Nurses, when you consider the level of compassion with which you treat your patients, do you also consider the possibility that you can treat yourself with that same compassion? Do you feel that you deserve it?
Nurses convey and communicate compassion by default. Our profession is steeped in compassion. And while there are obviously nurses out there who you would not necessarily readily identify as empathic by nature, you would probably agree that the majority of our nursing comrades--both male and female--are indeed caring individuals who spend a great deal of time and energy assuaging the pain and suffering of others.
The Nurse and the Patient
So, let's assume you're a nurse who looks your patients in the eye, holds their hand when appropriate, listens deeply, and creates very real and human connections in your therapeutic relationships. You value your patients, honor their process, acknowledge their pain, and feel deeply for them. You are a sensitive, compassionate, kind and thoughtful clinician. You may have your moments of stress, anguish, anger, disappointment and impatience while at work, but your main mission in your work is to be of heart-centered service.
Look In The Mirror, Nurse
So, my compassionate compatriot, what do you do when you look in the mirror? What self-recrimination and blame do you project on that face staring back at you? How do you hurt that being whom you inhabit in this lifetime?

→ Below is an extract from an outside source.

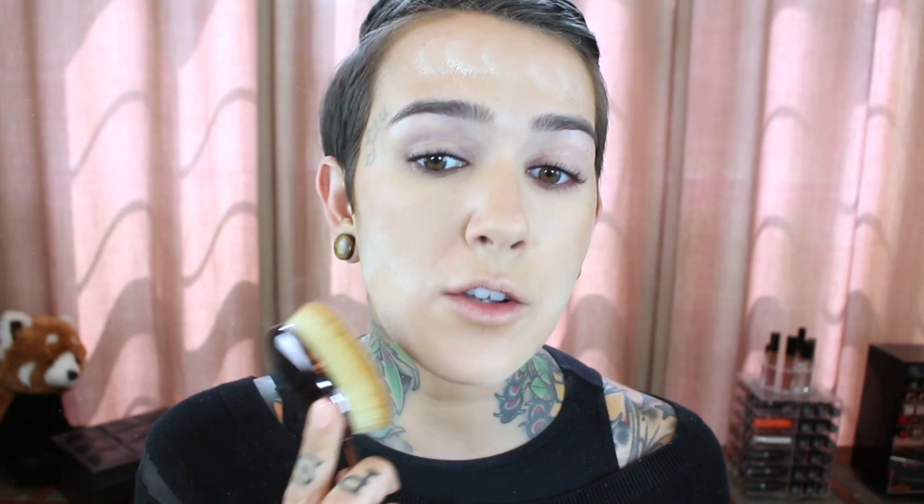Now I'm taking the Oval 10 with Born This Way powder — I was going to cheat and use a pressed powder but I'm going to try a loose powder and see what happens. I honestly thought this was going to be terrible, and it's not. Wow — this actually looks really good. Kind of impressed right now.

Conversely, what kind of love and compassion do you extend to that most human and fallible nurse in the looking glass? How do you comfort, feed, water and otherwise tend to that human garden of which you are equally the plant, the soil, the water and the sun?
When you regard your visage in that mirror, how much compassion and empathy is expressed, silently or otherwise? How kind are you towards that nurse and human being who you are?

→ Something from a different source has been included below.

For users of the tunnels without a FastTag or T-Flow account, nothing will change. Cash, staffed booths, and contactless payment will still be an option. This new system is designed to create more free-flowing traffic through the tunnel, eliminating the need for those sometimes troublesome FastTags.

Treating the Self as Other
Try this, my courageous nurse warrior. When you are suffering, when you're hurting and in pain, see yourself not as yourself, but as another. Be a nurse to your suffering self. Regard yourself as a patient in need of succor and support and the ultimate level of non-judgmental compassion. Can you do that? How does it feel? Can you conjure as much compassion and empathy for yourself as you can for a patient who is wearing their suffering on their sleeve in your very presence?

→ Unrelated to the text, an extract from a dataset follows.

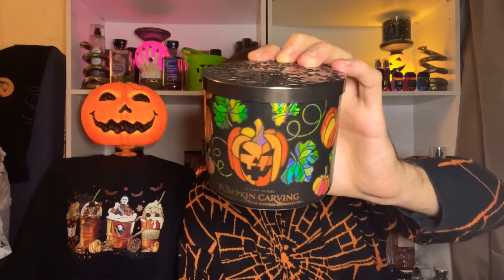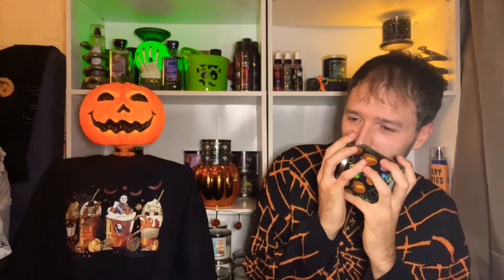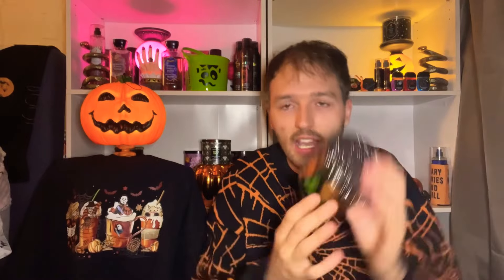Also from Bath and Body Works is Pumpkin Carving, one of their traditional Halloween scents. Last year it would not have made any list — the scent notes turned me off initially. But burning it this year, that brown sugar note is so good. It mixes with pumpkin seed and freshly carved pumpkin — pumpkin on top of pumpkin with some spiciness and smooth brown sugar sweetness. I'll be burning Pumpkin Carving next month too since it's still pumpkin season going into November.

This self-love and compassion is a lifelong affair, and it's a constant process of growth and learning.
The Faucet of Compassion
If you're nice to yourself on Tuesday, do you then no longer have to try to be kind to yourself the rest of the week? Would you turn off the faucet of compassion for a patient when they had used up some unknown "quota" of compassion that you had allotted for them? Of course not. And the same applies to your relationship with the self.
The faucet of compassion is never turned off, and there's no reservoir of compassion that will some day be devastated by drought. The reservoir of compassion is fueled by love (for self and others). And if we believe that love and compassion are limited resources that we have to horde and dole out in increments, then we're gravely mistaken. The reservoir of compassion is as infinite as the human spirit, as is your ability to share it with others--and (this is the hard part) with yourself.
Homework for the Nurse
Just for today, treat yourself as you would treat a suffering, hurting patient. Be kind. Be compassionate. Be thoughtful. Be empathic. Be gentle.
And then do it again tomorrow.
This post is dedicated with love and respect to my dear friend, the talented author and fellow nurse warrior, Michael Ortiz Hill.